[llvm-dev] RFC: Strong typedef for LLVM

David Greene via llvm-dev

unread,

Aug 1, 2019, 11:57:49 AM8/1/19

to llvm...@lists.llvm.org

Lately I've been using some utilities to increase the number of logic
errors caught at compile time. I thought they might be useful to the
LLVM project. I'd appreciate feedback on the below proposal. Would the
community find these useful?

-David

RFC: Strong typedef utilities for LLVM
--------------------------------------

Abstract
--------
This proposal describes a set of utility classes for increasing type
safety within the LLVM project codebase. It introduces a general
"strong typedef" template along with more specialized templates for
Boolean values, accumulators and counters.

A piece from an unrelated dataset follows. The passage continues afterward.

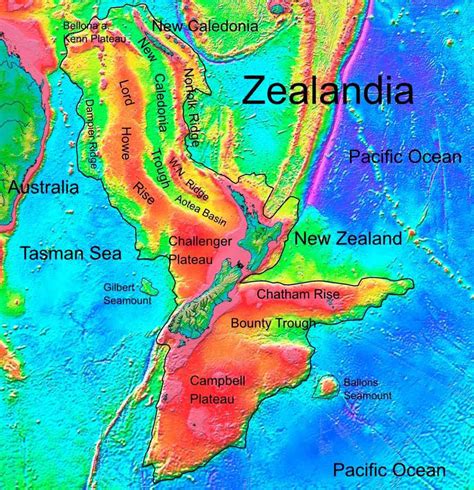 Zealandia: Facts About the 'Lost Continent' | Geology In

The interface and implementation are inspired by Jonathan Mueller's
post on strong typedef [1].

The Problem
-----------
As noted on a side-thread of the variable naming convention change,
LLVM has a number of places where function parameter semantics are
unclear at the point of use [2]. To compensate, much code exists
in this style:

foo(arg1, /* SomeFlagName = */true);

Functions with, for example, two boolean parameters are often called
as:

foo(arg1, /* Flag1Name = */true, /* Flag2Name =*/false);

Unfortunately, it is easy to mix this up unintentionally:

foo(arg1, /* Flag1Name = */false, /* Flag2Name =*/true);

The above may or may not be a bug. The intent is unclear from the
context.

Things are even worse without comments:

foo(arg1, true, false); // What does this mean?

bool SomeFlag = true;
bool AnotherFlag = false;

foo(arg1, AnotherFlag, SomeFlag); // Is this correct?

bool DoThing = bar();
bool EnableFeature = baz();

foo(arg1, EnableFeature, DoThing); // Still not clear.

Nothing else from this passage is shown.